Still, this is the Lakers. If you'll allow a double negative here, there's never not something going on behind the scenes at Staples Center. The Lakers are understandably tired of scrounging at the NBA's bottom barrel and are finally unshackled from the final few Kobe Bryant years. They're legitimately a franchise on the rise, finally attractive to free agents after being a superficial contender for the game's biggest names.
With that in mind, let's take a look at the latest offseason buzz from Los Angeles.
Lakers Expected to Offer DeRozan Megadeal
The DeMar DeRozan-to-Los Angeles rumors are far from new. It's not even that hard to draw a through line and create the connection before you get to legitimate sources. DeRozan grew up a Lakers fan in Compton, California, before playing his college ball at USC. He plays for a Raptors franchise that's more famous for losing stars than retaining them.
The Lakers have a vacancy at shooting guard and max-level cap room. DeRozan just happens to be the type of polarizing player Toronto has to consider cutting bait with if the price gets too high. He's a free-throw hound and an improved defender, but he chucks up a disconcerting number of bad mid-range jumpers and has a strong affinity for hero ball.
In some ways, it'd be legitimate to call him a broke man's Prime Kobe.
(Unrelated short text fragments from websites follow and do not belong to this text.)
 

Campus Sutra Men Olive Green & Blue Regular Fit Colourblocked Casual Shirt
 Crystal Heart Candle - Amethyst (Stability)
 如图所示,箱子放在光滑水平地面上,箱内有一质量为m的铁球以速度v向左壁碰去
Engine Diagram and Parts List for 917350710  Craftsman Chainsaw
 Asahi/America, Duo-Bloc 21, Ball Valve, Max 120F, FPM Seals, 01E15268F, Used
Michael Grange of Sportsnet noted the similarities while also saying the Lakers plan to "offer him the moon" to make a return home.
For his part, DeRozan's saying he wants to stay in Toronto.
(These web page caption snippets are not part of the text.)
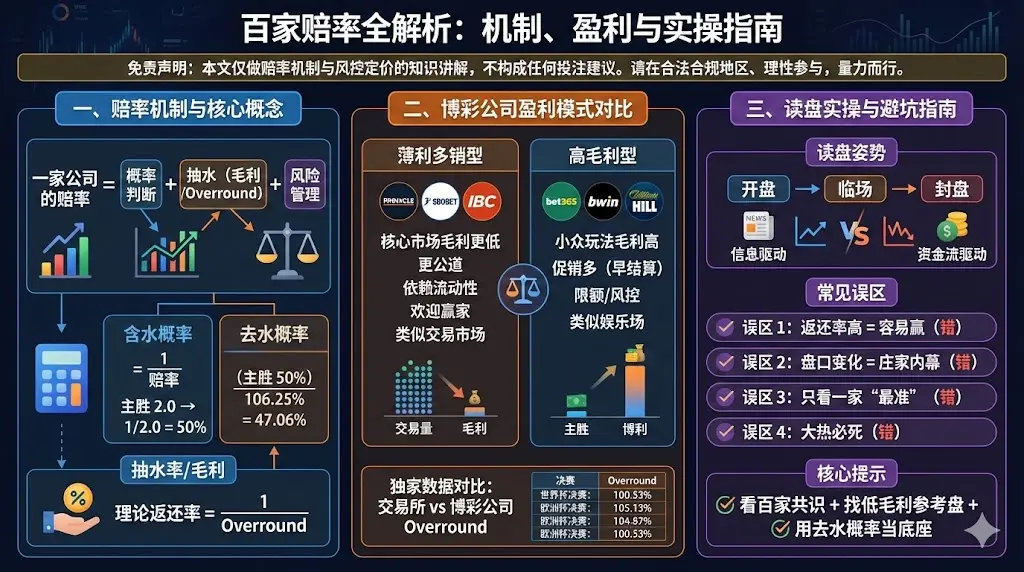 百家赔率怎么看?返还率、抽水率、毛利全解析:博彩公司盈利模式 + 欧赔亚盘实操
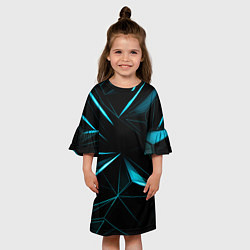 Платье клеш для девочки Light blue hexagon, цвет: 3D-принт — фото 2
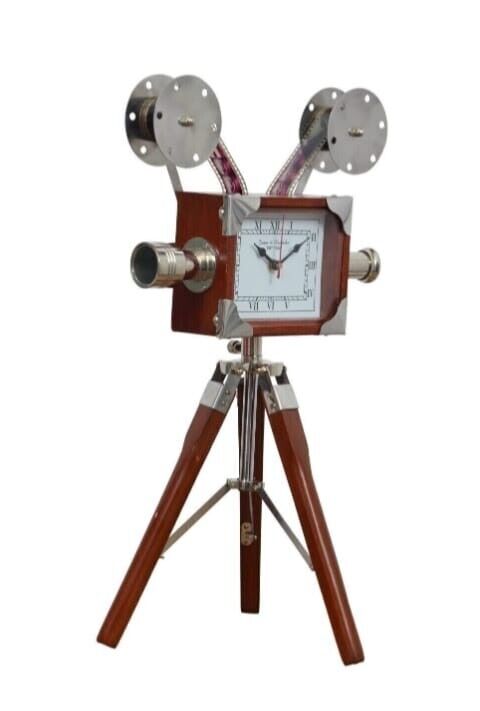 Nautica Vintage Projector Clock With Tripod Wooden Stand. Clock For Decoration.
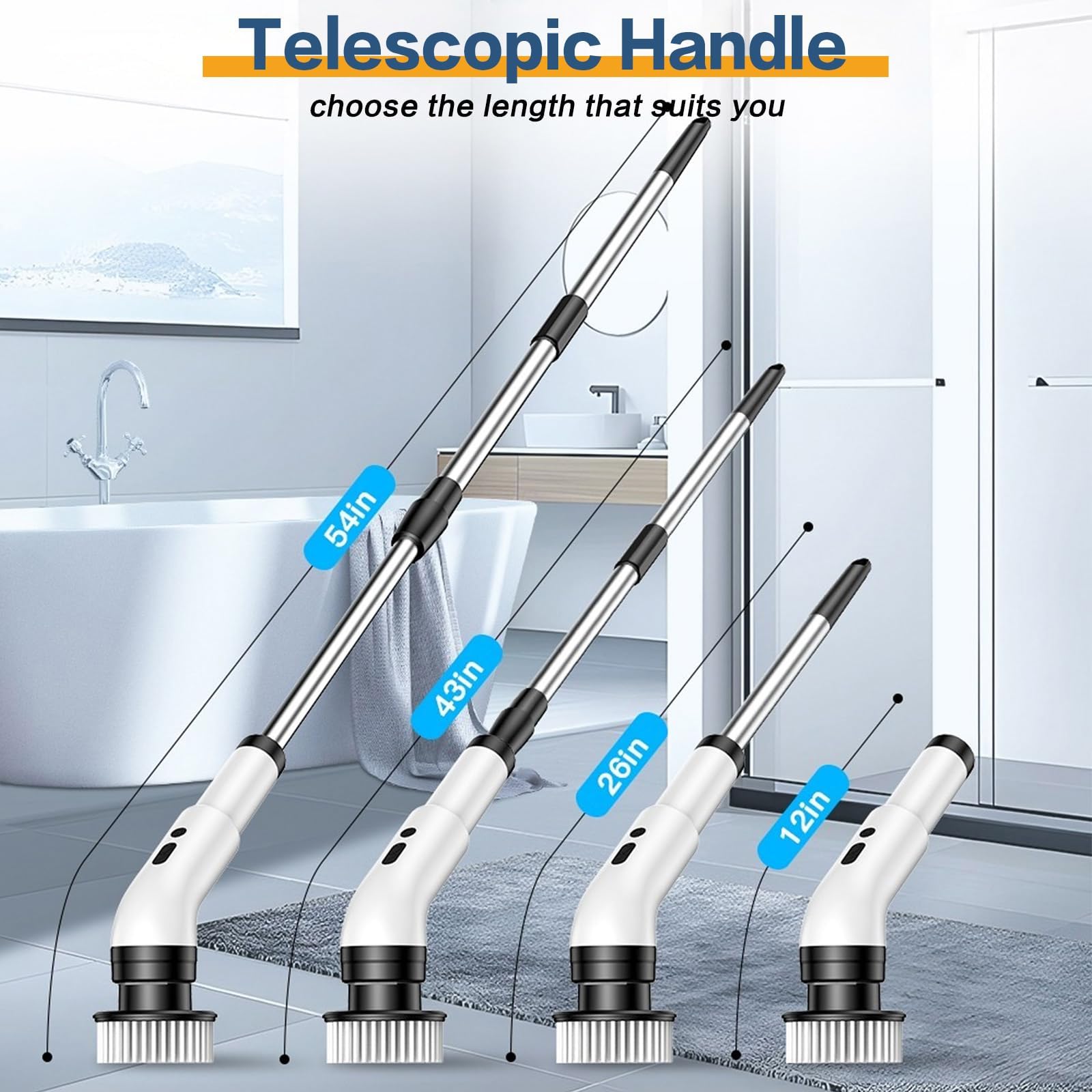 Cepillo de limpieza eléctrico multifuncional con 9 cabezales de cepillo, ajuste de dos velocidades, baja potencia, diseño de almacenamiento de gancho para limpieza de bañera, azulejos y suelos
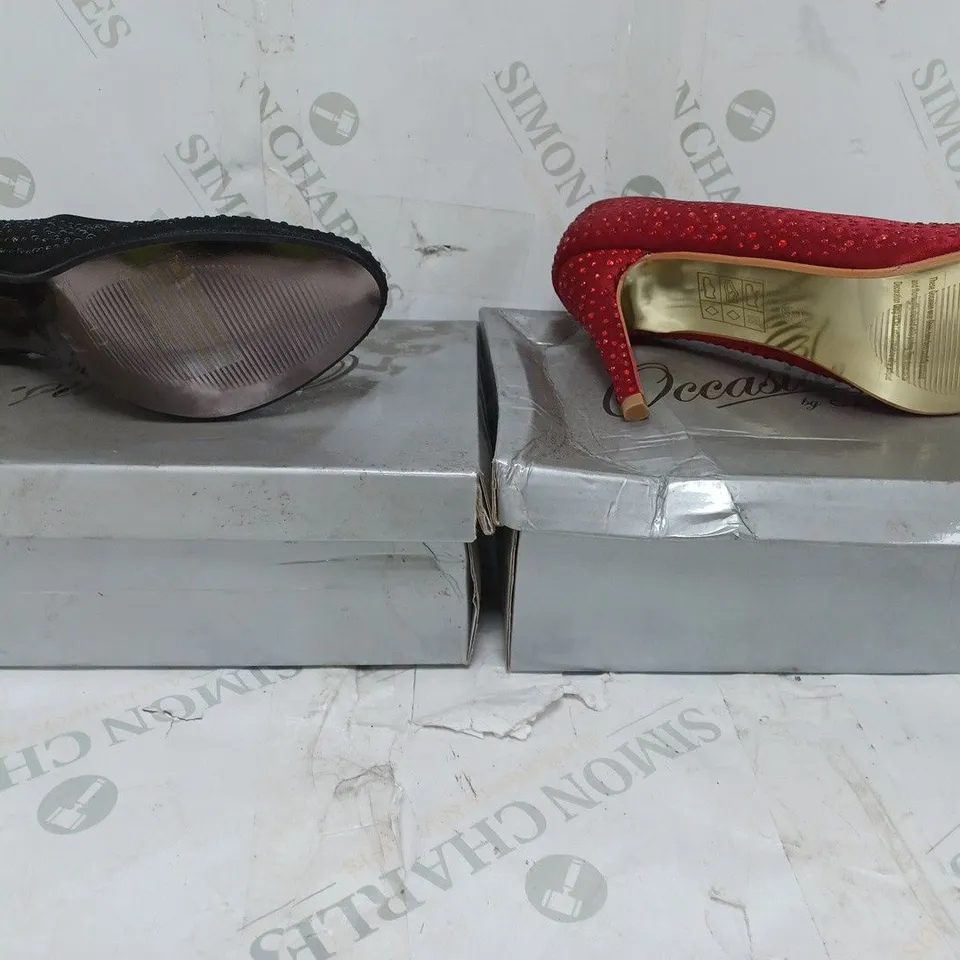 LOT OF 9 PAIRS OF OCCASIONS BY CASANDRA HIGH HEELED SHOES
"My mindset has always been Toronto. I've always preached it," DeRozan said, per Mike Mazzeo of ESPN.com. "I was passionate about it when we were losing, when we were terrible. I said I was going to stick through this whole thing, and I want to be that guy who brings this organization to where it is now. I definitely don't want to switch that up after we win."
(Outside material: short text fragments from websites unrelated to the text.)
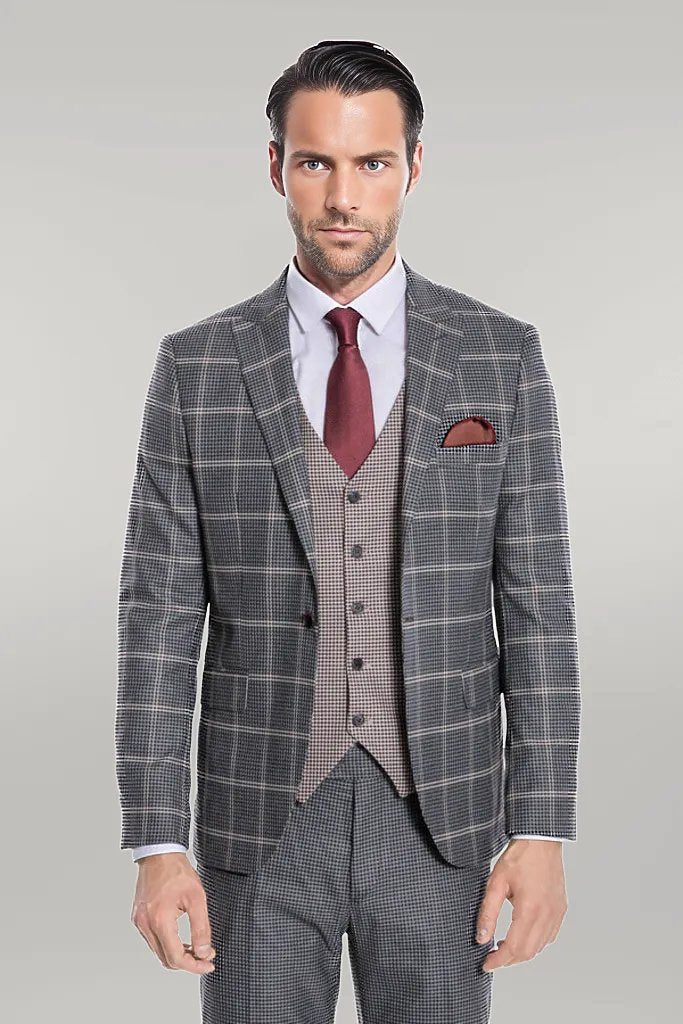 KOALA SYDNEY Checked Patterned Beige Vested Slim Fit Grey Men Suit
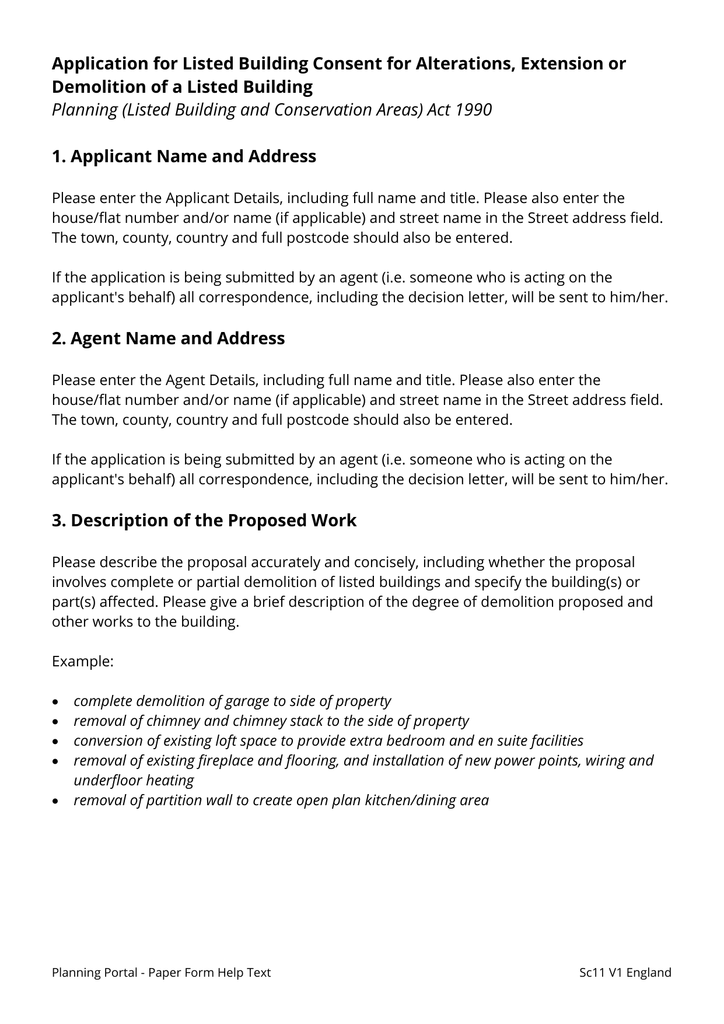 Application For Listed Building Consent For Alterations Extension Or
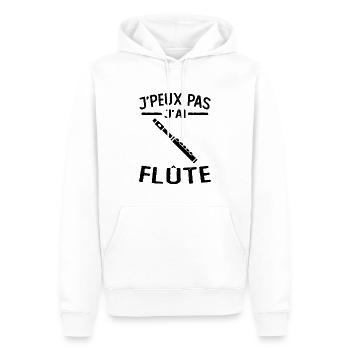flautist I can't I have flute - Men’s Premium Organic Hoodie - white - Front - Nico (187cm)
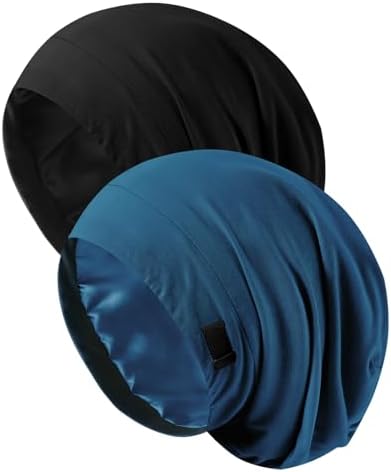 2PCS Silk Bonnet for Sleeping for Hair, Satin Lined Sleep Cap for Women Men, Adjustable Beanie Hair Wrap (05 Black/Navy Blue) by Srevela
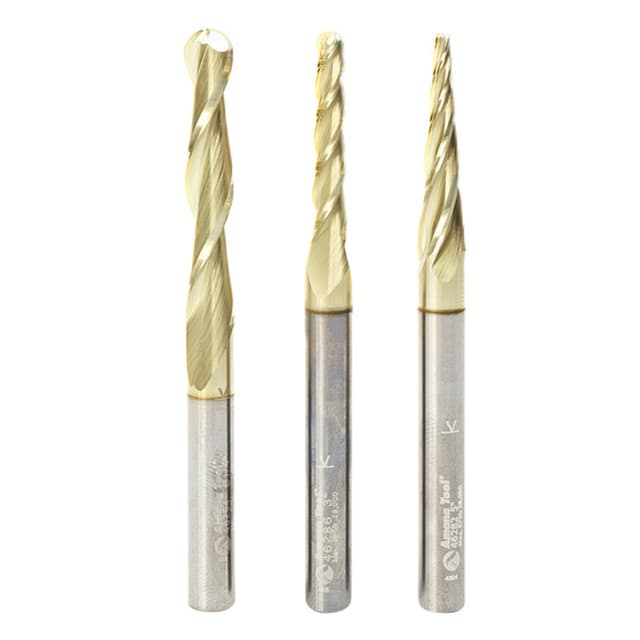 3-Piece 2D/3D Carving Ball Nose ZrN Coated CNC Up-Cut Spiral Router Bit Set, 1/4" Shank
The Lakers should hope Toronto gets sucked in by its mirage Eastern Conference Finals appearance. DeRozan is not a max player—especially when that number could push him close to $30 million per season. His inefficient style falls apart at times against elite defenses, and he's shown no real ability to stretch his game beyond the three-point line.
At a certain price, DeRozan's a good fit and a fine player. That price is not $25 million. It's probably not even $20 million. Signing him would be a sign the Lakers are more interested in names on the marquee than building a cogent roster.
Brian Shaw to Be Lead Assistant on Walton's Staff?
Another far-from-new rumor that's become inevitable: Brian Shaw will join Luke Walton's staff next season. Broderick Turner of the Los Angeles Times reported on May 21 that the two parties were close to an agreement, which would mark a homecoming for the 50-year-old.
Shaw began his coaching career with the Lakers from 2005-11. He was actually Bryant's choice to replace Phil Jackson all the way back in 2011, per The Undefeated's Marc J. Spears, writing then for Yahoo Sports. That job ultimately went to Mike Brown, who lasted all of 71 games. Brown is the last Lakers head coach with a winning record.
Shaw left the organization for the Pacers after being passed over, serving under Frank Vogel in Indiana for two seasons before coaching the Denver Nuggets. Denver went 56-85 during Shaw's tenure from 2013-2015, during which time he developed a reputation as someone who coached to scheme rather than personnel. His broken relationship with Ty Lawson was representative of his polarizing reputation in the locker room.
Shaw and Walton have a relationship leftover from the latter's playing days. It's fair to wonder if bringing such a popular L.A. face back is the smartest move, but it's clear the Lakers and Walton want someone with head coaching experience on his bench.
I would have made calls to a few other guys before Shaw, but their pre-existing relationship means this is a workable solution.